-- EXTRACTED RECORDS follows --

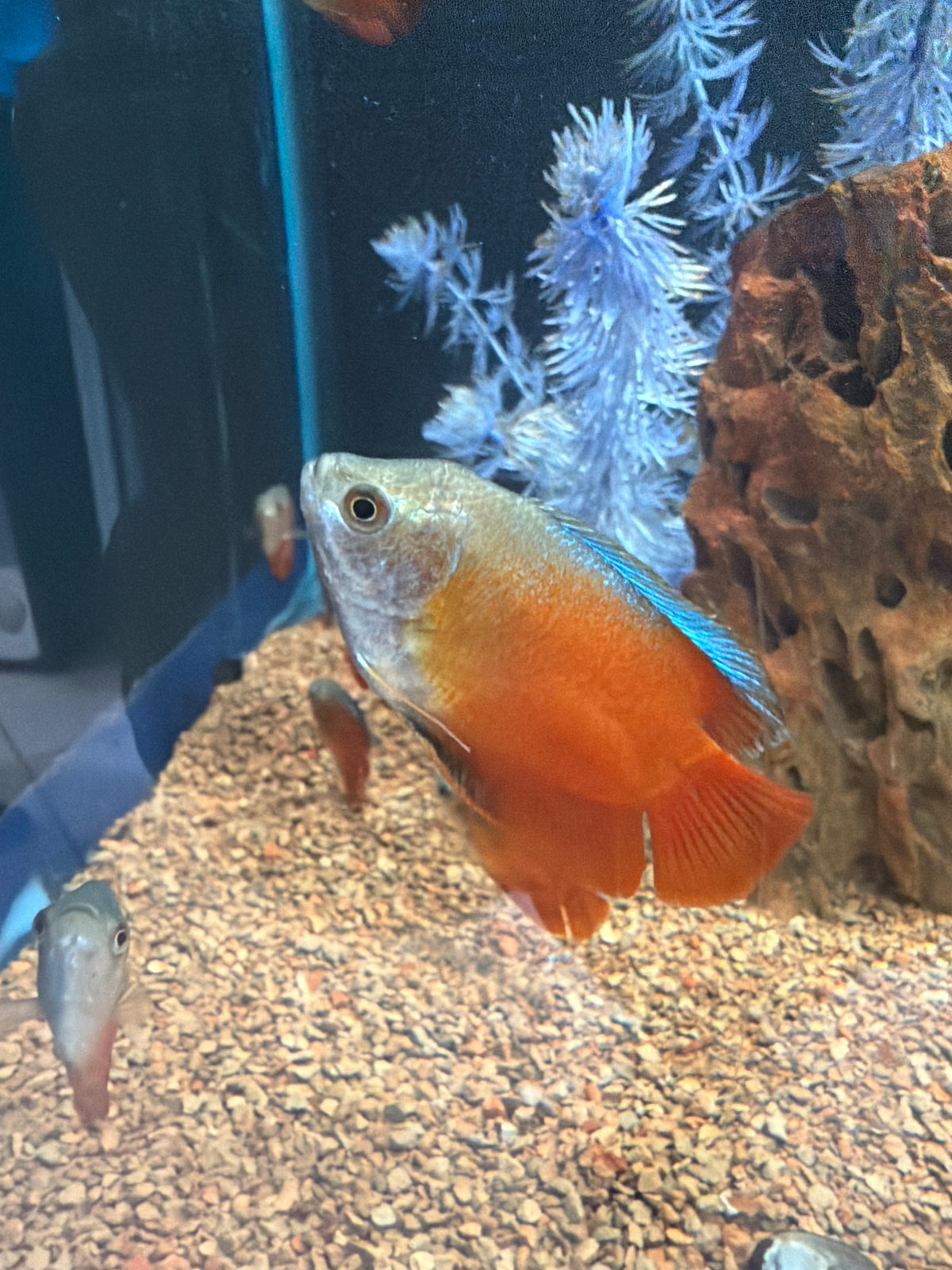Blood Red Dwarf Gourami (Trichogaster lalius)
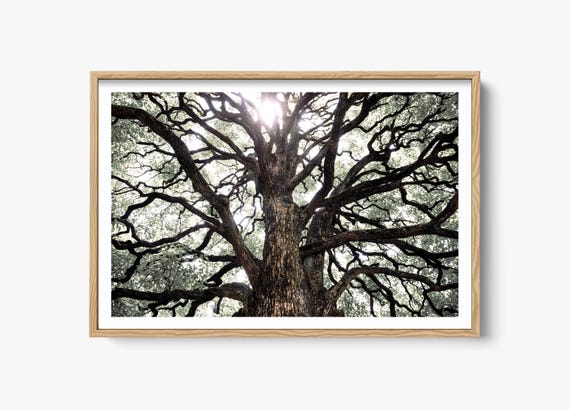 Tree Of Life Nature Photography, Abstract Landscape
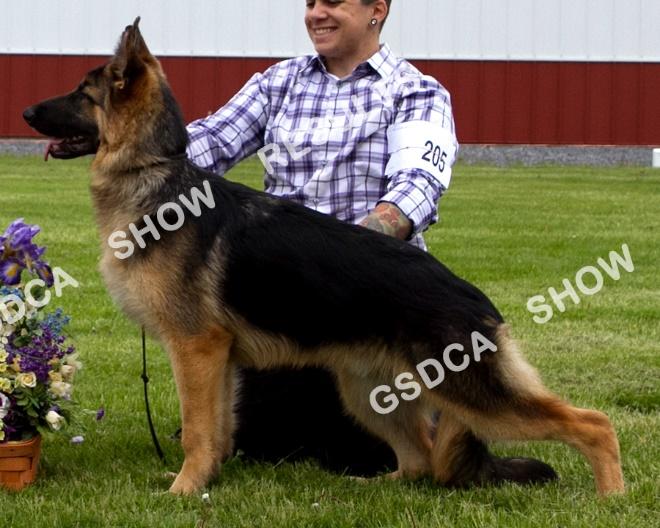 GSDC of Rochester NY Specialty, Saturday, May 13 th 2017 Puppy, 9 Months and Under 12 Months, Dogs 209 AM: BOP PM: 1 st Millertimes I've Made My Decision CGCA TKN. DN46655201. 5/21/2016. Dog. Breeder: Cynthia Miller & Darlene Burrel.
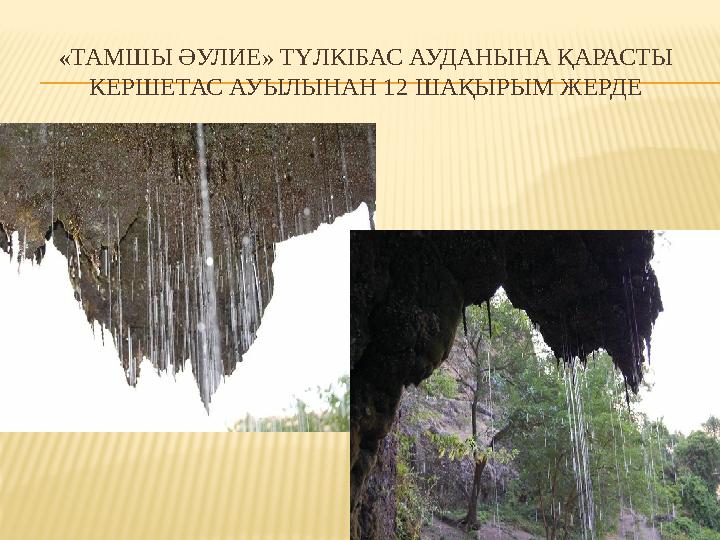 «ТАМШЫ ӘУЛИЕ» ТҮЛКІБАС АУДАНЫНА ҚАРАСТЫ КЕРШЕТАС АУЫЛЫНАН 12 ШАҚЫРЫМ ЖЕРДЕ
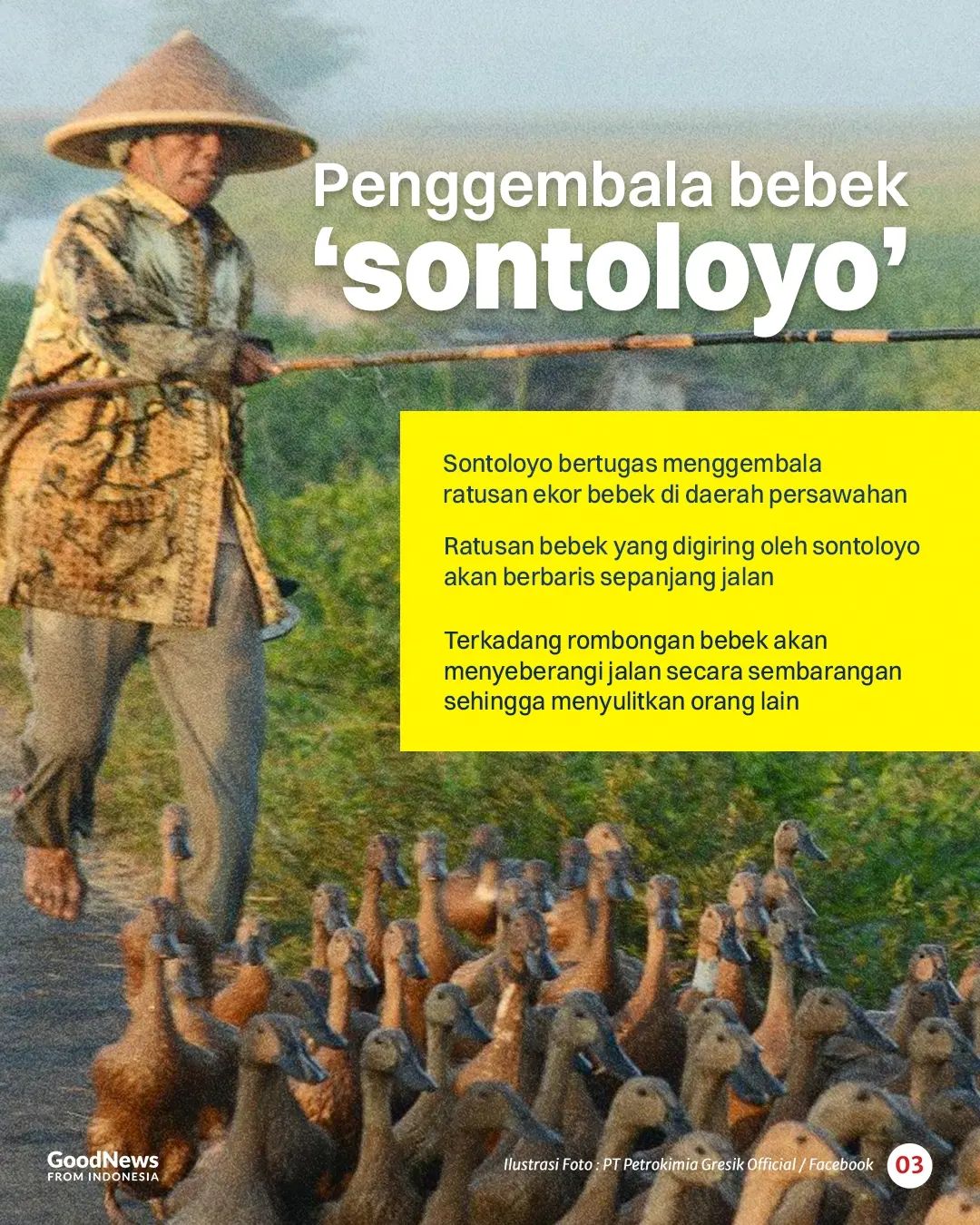 Makna Awal Sontoloyo adalah Pengembala Bebek, Mengapa Kini jadi Umpatan?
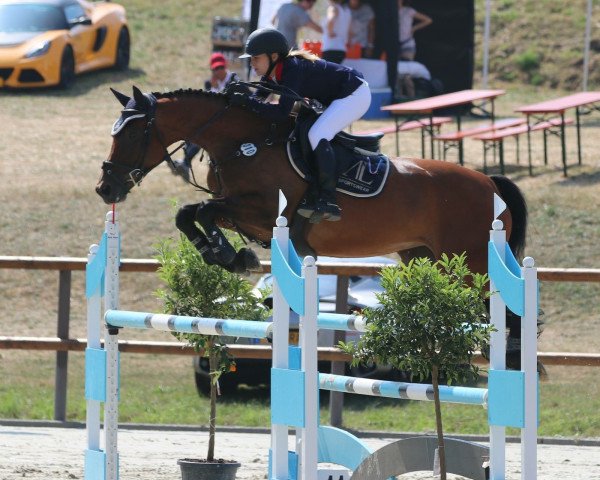 broodmare Lexsana (Zweibrücken, 2009, from Lordano)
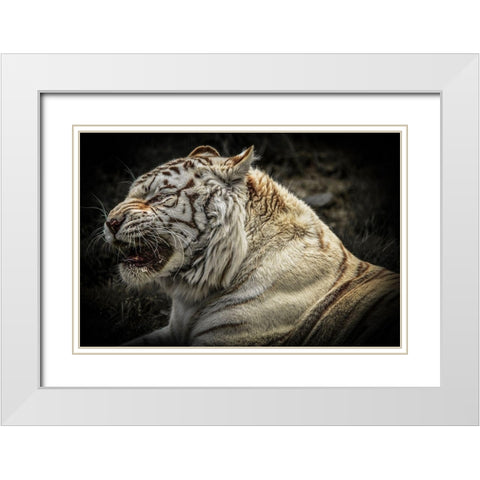 The Lygar White Modern Wood Framed Art Print with Double Matting by Ronin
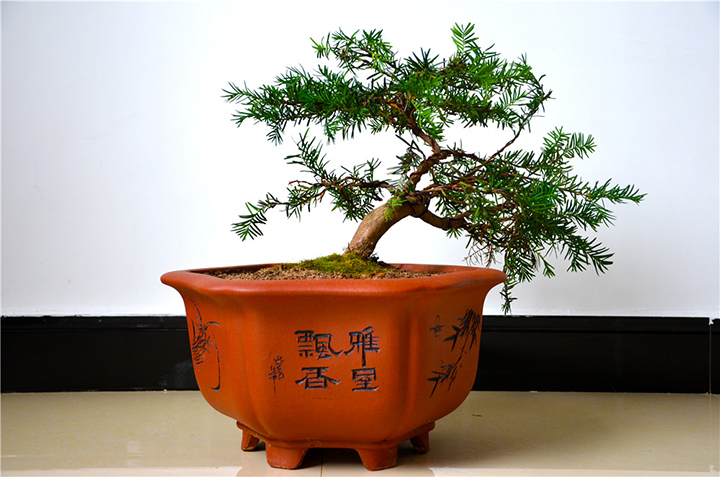 4.红豆杉盆景.jpg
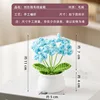 Light blue forget-me-not potted plant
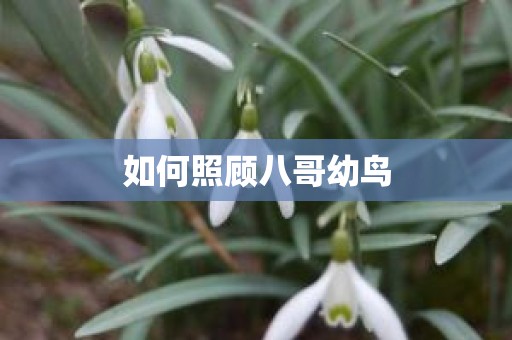 如何照顾八哥幼鸟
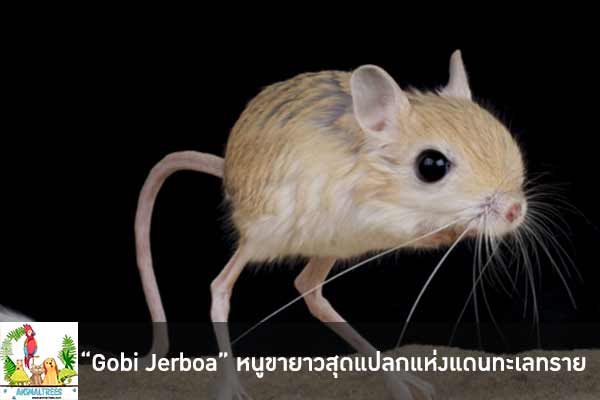 “Gobi Jerboa” หนูขายาวสุดแปลกแห่งแดนทะเลทราย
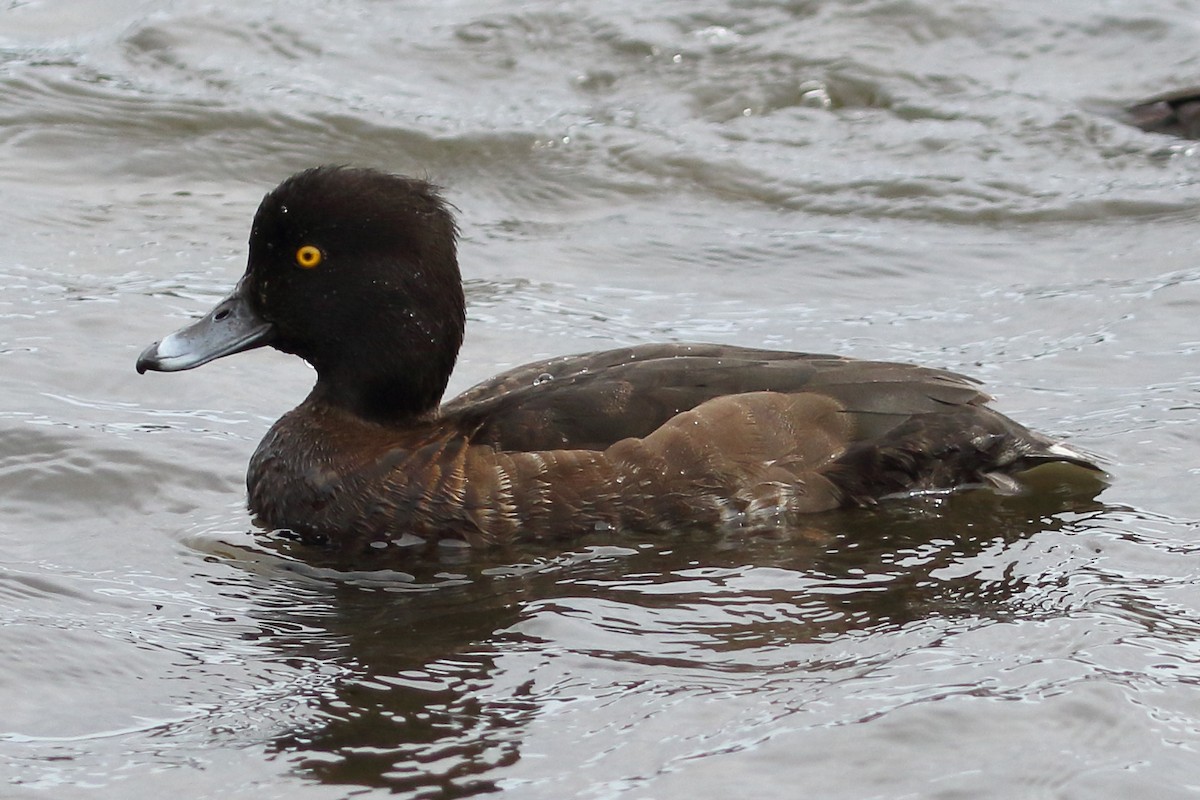 Tufted Duck - ML619247061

-- EXTRACTED RECORDS concluded --

> WORK ORDER
Your task is to repeat the opening line of the entries above and each line after it, ending with the line that has "The Lygar White". Do not include the pictures.

> SOLUTION TO THIS PROBLEM
Blood Red Dwarf Gourami (Trichogaster lalius)
 Tree Of Life Nature Photography, Abstract Landscape
 GSDC of Rochester NY Specialty, Saturday, May 13 th 2017 Puppy, 9 Months and Under 12 Months, Dogs 209 AM: BOP PM: 1 st Millertimes I've Made My Decision CGCA TKN. DN46655201. 5/21/2016. Dog. Breeder: Cynthia Miller & Darlene Burrel.
 «ТАМШЫ ӘУЛИЕ» ТҮЛКІБАС АУДАНЫНА ҚАРАСТЫ КЕРШЕТАС АУЫЛЫНАН 12 ШАҚЫРЫМ ЖЕРДЕ
 Makna Awal Sontoloyo adalah Pengembala Bebek, Mengapa Kini jadi Umpatan?
 broodmare Lexsana (Zweibrücken, 2009, from Lordano)
 The Lygar White Modern Wood Framed Art Print with Double Matting by Ronin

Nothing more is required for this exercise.